| What you should do |
Which lines run from the one with "14K Yellow Gold" through the end of the data? Retype them exactly, without pictures.

| Data for this task |
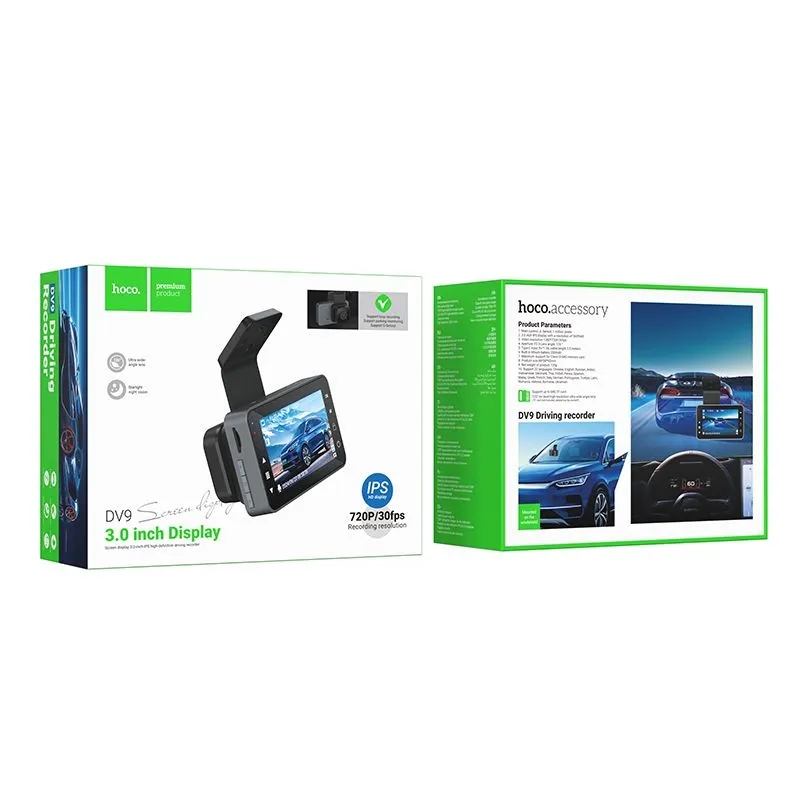 Hoco DV9 3-inch screen driving recorder (720P) metal gray
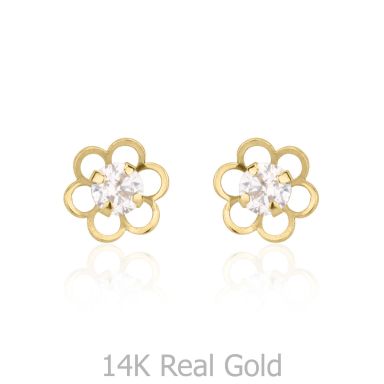 14K Yellow Gold Kid's Stud Earrings - Flower of Florian - Large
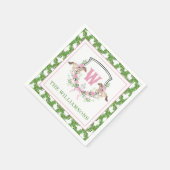 Watercolor Derby Day Horse Monogram Crest Party スタンダードカクテルナプキン (角)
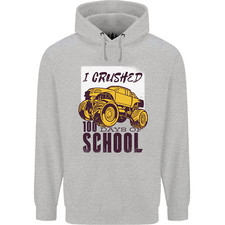 I Crushed 100 Days of School Monster Truck Mens 80% Cotton Hoodie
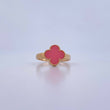 Anillo Trebol VCyA 2.5gr / T7 1/4 / Nacar Rosa Oro Amarillo Nac.Esp. 18K &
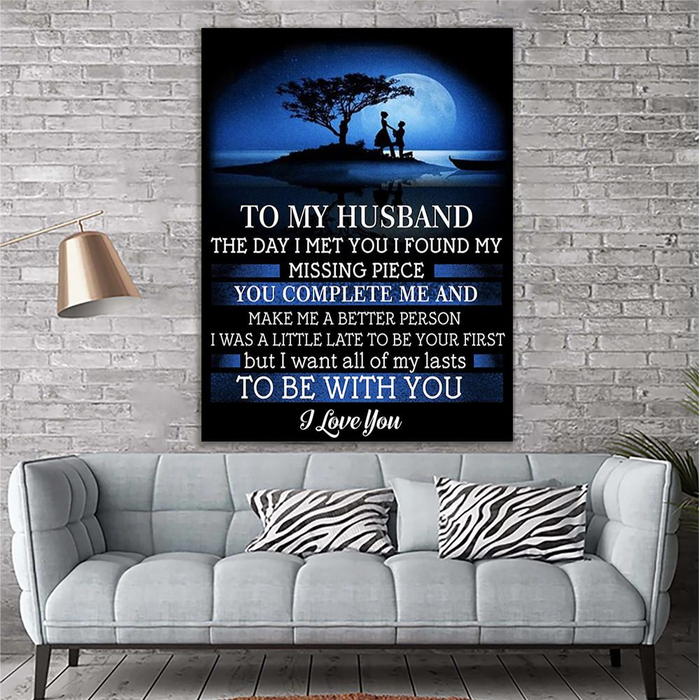 Personalized To My Husband Canvas Wall Art From Wife Romantic Couple I Found My Missing Piece Custom Name Poster Prints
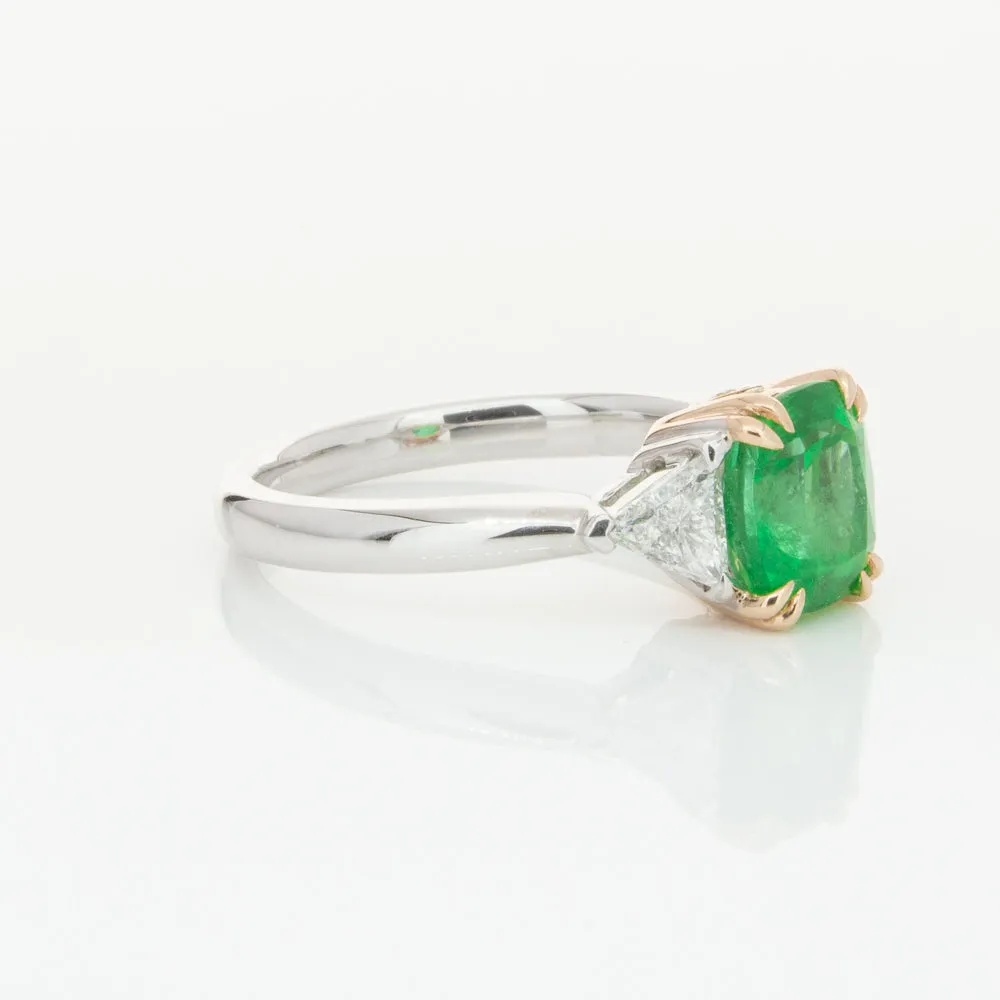 18ct White & Yellow Gold 1.78ct Emerald & Diamond Ring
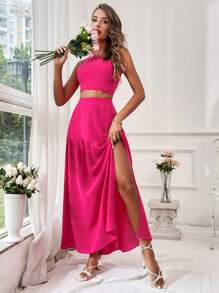 SHEIN VCAY 夏季浪漫情人节女士纯色两件套度假装 - 玫紅色 - 查看 6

| Response box |
 14K Yellow Gold Kid's Stud Earrings - Flower of Florian - Large
 Watercolor Derby Day Horse Monogram Crest Party スタンダードカクテルナプキン (角)
 I Crushed 100 Days of School Monster Truck Mens 80% Cotton Hoodie
 Anillo Trebol VCyA 2.5gr / T7 1/4 / Nacar Rosa Oro Amarillo Nac.Esp. 18K &
 Personalized To My Husband Canvas Wall Art From Wife Romantic Couple I Found My Missing Piece Custom Name Poster Prints
 18ct White & Yellow Gold 1.78ct Emerald & Diamond Ring
 SHEIN VCAY 夏季浪漫情人节女士纯色两件套度假装 - 玫紅色 - 查看 6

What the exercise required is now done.